Following reports that regulators may investigate the merger deal between Aon and Willis Towers Watson (WTW) on anti-trust grounds, analysts at KBW have warned that any resulting divestitures could reduce the benefits of the combination.
Sources at Reuters said yesterday that a full-scale review into the $30 billion Aon / WTW merger is likely to be launched once the European Commission’s preliminary review concludes on December 21st.
This process would last five months and would look to address any potential competition concerns that may arise out of such a large combination.
KBW noted that the reinsurance brokerage business would be a “key anti-trust concern” for regulators given that the market is already very concentrated.
“Aon management believes that including direct reinsurance business – i.e., sold without a broker – implies that the two companies’ combined reinsurance brokerage market share would not be anti-competitive, although we think that’s less relevant to smaller cedants that need brokers,” analysts explained.
However, they did acknowledge that the recent MMC / JLT combination did not require the divestiture of any reinsurance business, only the sale of JLT’s aerospace brokerage.
WTW has already sold off its Miller arm ahead of its takeover by Aon, possibly to avoid any regulatory challenges on competitive grounds.

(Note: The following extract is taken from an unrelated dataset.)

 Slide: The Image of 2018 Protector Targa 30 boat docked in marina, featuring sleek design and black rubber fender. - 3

And some commentators have also suggested that WTW could have to consider options for its reinsurance broking arm, Willis Re.
But KBW believes that any further divestitures would “limit the ultimate expense savings” offered by the merger, particularly in light of Aon’s margin expansion track record.

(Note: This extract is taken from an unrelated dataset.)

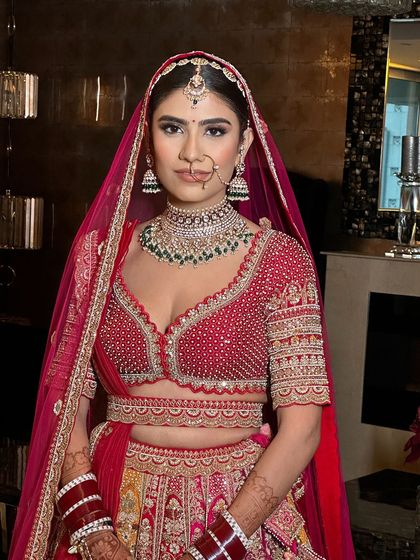 A classic bridal portrait, with the focus on the bride's radiant look and neat hairstyle.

Additionally, analysts cautioned that a potential delay to the deal due to the EU probe could prolong employee uncertainty and lead to more departures of key talent at the two brokers.
KBW further noted that WTW shares are currently trading at only 1.009x Aon’s share price, versus the deal’s 1.08x tag, implying some market skepticism about the deal’s completion.
Reports about a possible investigation follow news that UK and EU regulators have been butting heads over which authority will have oversight of some of Europe’s largest mergers ahead of a Brexit trade deal deadline this month, including the Aon / WTW deal.